REPUBLIKA.CO.ID, JAKARTA -- Menteri Keuangan Bambang Brodjonegoro mengakui, salah satu pemicu tingginya kesenjangan pendapatan di Indonesia karena belum progresifnya penarikan pajak. Penghasilan dari orang-orang kaya di Tanah Air dinilai banyak yang belum tersentuh pajak untuk disalurkan kepada orang-orang miskin.
"Kita punya ketimpangan besar karena pajak kita kurang progresif," kata Bambang kepada wartawan di Nusa Dua, Bali, Jumat (11/12). Akibatnya, tambah dia, masih terjadi penguasaan luar biasa oleh sekelompok kecil masyarakat terhadap kekayaan di Indonesia.

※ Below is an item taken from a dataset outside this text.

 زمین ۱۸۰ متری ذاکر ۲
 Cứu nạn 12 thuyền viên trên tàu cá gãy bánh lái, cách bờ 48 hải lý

Bambang menyebut bahwa belum progresifnya pajak di Indonesia bukan karena persoalan tarif. Tarif pajak dianggap sudah cukup progresif karena penghasilan yang lebih tingi dikenakan pajak yang lebih tinggi pula.
Menurutnya, ketimpangan terjadi karena wajib pajak besar atau orang-orang kaya banyak yang belum patuh membayar pajak. "Konsep pembangunan dalam APBN adalah kita menarik pajak dari orang yang mampu dan membelanjakan kepada yang tidak mampu," ucap Bambang.
Menarik pajak penghasilan dari orang-orang kaya bukan perkara mudah. Sebab, Direktorat Jenderal Pajak tidak memiliki akses ke perbankan karena adanya UU kerahasiaan bank. Apalagi, uang orang-orang kaya di Indonesia juga banyak yang disembunyikan di luar negeri.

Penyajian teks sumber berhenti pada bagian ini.